En Du sollst nicht merken [Prohibido sentir) demostré que el hecho de escribir ayudó a sobrevivir a Franz Kafka y a otros autores, pero no bastó para liberar del todo al niño encadenado que llevaban dentro y devolverle la vida, la sensibilidad y la seguridad tiempo atrás perdidas, porque para dicha liberación es imprescindible un testigo cómplice.

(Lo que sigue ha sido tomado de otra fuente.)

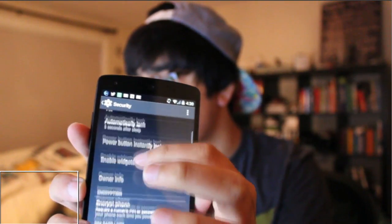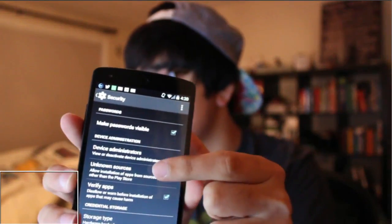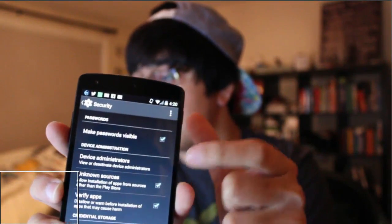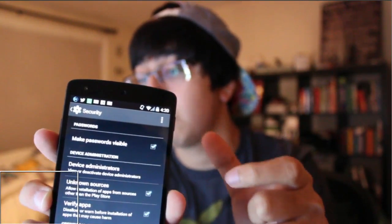What you're going to get is a setting called Unknown Sources — it's going to show up there. Make sure that you do have that enabled, or else you will not be able to download TowelRoot. This also means that you will be able to download any .apk file off the internet, which means you could even get games for free. Make sure you have that clicked.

Es cierto que Franz Kafka tuvo en Milena, y sobre todo en Otilia, su hermana, dos testigos de su sufrimiento. Podía sincerarse con ellas, pero no hasta el punto de hablar de sus antiguos miedos ni del sufrimiento infligido por sus padres. Eso era tabú. Sea como fuere, finalmente, escribió la célebre Carta al Padre pero no fue a su padre a quien se la envió, sino a su madre, a quien le pidió que se la entregase a él. En su madre buscó al testigo cómplice, tuvo la esperanza de que, al fin, gracias a esta carta, ella entendiera su sufrimiento y se ofreciera a actuar de intermediaria. Pero la madre escondió la carta y jamás trató de hablar con su hijo del contenido de la misma. Sin el apoyo de un testigo cómplice, Kafka no estaba en condiciones de enfrentarse con su padre. El temor al amenazador castigo era demasiado grande. Pensemos por un momento en el relato La condena, que describe este miedo. Por desgracia, Kalka no tenía a nadie que le apoyara y le animara a enviar esa carta. Quizás ésa hubiera sido su salvación. Él solo no pudo dar este paso; por el contrario, enfermó de tuberculosis y murió con poco más de cuarenta años.

Nietzsche

Algo parecido se observa en Nietzsche, cuyo drama expuse en La llave perdida y en Abbruch der Schweigernauer [Rompiendo el muro del silencio). A mi entender, las magníficas obras de Nietzsche son un grito que llama a liberarse de la mentira, la explotación, la hipocresía y el conformismo, pero nadie, y él menos que nadie, pudo ver cuánto sufrió ya desde niño. Sin embargo, su cuerpo sintió siempre esta carga. Desde muy pequeño luchó contra el reuma, que, igual que sus fuertes dolores de cabeza, sin duda alguna habría que atribuir a la represión de las emociones intensas. Tuvo asimismo otros muchos problemas de salud; presuntamente, cayó enfermo hasta cien veces en un solo año escolar. Nadie se percató de que el sufrimiento provenía de la hipócrita moral que regía la vida de entonces, porque todos respiraban el mismo aire que él. Pero su cuerpo acusó las mentiras con más claridad que los demás. Si alguien hubiese ayudado a Nietzsche a aceptar lo que su cuerpo sabía, no habría tenido que «perder la razón» y seguir ciego hasta el fin de sus días para no ver así su propia verdad.